══ Exercise data

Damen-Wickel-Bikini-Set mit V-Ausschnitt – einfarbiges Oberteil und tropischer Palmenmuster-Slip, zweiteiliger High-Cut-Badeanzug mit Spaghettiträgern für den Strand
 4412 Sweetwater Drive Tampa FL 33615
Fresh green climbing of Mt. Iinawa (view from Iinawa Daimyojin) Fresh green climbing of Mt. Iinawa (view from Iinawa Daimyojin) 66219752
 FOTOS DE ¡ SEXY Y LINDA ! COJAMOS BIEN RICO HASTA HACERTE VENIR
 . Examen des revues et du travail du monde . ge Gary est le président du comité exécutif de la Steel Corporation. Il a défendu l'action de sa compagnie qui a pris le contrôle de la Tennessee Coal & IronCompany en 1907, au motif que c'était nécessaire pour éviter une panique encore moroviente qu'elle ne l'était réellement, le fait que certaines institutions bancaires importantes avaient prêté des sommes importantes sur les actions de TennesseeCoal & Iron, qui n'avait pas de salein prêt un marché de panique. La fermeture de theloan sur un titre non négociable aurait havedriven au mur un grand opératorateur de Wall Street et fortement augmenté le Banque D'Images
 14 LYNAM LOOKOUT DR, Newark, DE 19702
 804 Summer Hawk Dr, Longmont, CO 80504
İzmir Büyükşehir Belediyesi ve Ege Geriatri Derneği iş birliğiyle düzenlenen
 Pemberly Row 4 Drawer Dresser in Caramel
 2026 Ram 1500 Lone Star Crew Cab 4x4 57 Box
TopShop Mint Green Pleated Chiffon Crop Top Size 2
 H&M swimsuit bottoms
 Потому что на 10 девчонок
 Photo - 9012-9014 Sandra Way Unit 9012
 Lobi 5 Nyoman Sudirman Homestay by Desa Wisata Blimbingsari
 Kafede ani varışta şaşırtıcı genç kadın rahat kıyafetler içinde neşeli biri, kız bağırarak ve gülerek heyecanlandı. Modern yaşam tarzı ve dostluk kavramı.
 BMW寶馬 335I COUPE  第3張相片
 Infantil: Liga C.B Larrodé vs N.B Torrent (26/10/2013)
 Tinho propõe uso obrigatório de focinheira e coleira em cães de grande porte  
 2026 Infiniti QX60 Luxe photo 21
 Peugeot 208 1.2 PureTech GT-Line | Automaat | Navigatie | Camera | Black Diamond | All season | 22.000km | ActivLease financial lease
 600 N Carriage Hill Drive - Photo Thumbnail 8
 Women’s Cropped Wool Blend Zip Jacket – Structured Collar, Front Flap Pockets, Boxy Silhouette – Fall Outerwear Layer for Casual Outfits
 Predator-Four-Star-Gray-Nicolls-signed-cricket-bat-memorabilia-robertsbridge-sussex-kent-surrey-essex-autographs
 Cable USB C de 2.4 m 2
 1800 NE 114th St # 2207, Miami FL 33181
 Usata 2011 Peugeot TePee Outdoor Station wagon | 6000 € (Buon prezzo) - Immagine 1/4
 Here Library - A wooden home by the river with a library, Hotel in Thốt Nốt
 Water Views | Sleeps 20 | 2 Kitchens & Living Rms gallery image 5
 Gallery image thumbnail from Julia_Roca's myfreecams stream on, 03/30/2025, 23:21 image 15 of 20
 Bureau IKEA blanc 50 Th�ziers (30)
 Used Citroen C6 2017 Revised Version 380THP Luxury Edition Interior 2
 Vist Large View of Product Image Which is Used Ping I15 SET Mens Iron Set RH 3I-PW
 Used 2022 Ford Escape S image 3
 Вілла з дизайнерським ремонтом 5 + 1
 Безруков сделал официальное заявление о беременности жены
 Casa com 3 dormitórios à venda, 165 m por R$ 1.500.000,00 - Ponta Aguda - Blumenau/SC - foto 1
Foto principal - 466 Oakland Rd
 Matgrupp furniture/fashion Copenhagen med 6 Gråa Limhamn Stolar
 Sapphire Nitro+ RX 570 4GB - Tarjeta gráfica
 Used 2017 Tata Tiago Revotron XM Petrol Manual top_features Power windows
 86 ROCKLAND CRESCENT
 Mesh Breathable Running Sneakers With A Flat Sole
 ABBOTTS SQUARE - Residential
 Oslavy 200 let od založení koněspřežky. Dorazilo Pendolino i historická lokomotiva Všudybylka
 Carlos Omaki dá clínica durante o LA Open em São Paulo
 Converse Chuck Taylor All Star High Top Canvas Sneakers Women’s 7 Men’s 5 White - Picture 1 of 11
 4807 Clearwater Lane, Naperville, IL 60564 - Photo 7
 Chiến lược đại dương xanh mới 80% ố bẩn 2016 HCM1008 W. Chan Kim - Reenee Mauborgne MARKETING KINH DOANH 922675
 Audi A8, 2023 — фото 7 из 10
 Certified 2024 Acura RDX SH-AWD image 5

════

Proceeding from the line containing "4412 Sweetwater Drive Tampa FL 33615" through the line containing "FOTOS DE ¡ SEXY", transcribe the lines above exactly, both end lines included.

--- Task solution ---
 4412 Sweetwater Drive Tampa FL 33615
Fresh green climbing of Mt. Iinawa (view from Iinawa Daimyojin) Fresh green climbing of Mt. Iinawa (view from Iinawa Daimyojin) 66219752
 FOTOS DE ¡ SEXY Y LINDA ! COJAMOS BIEN RICO HASTA HACERTE VENIR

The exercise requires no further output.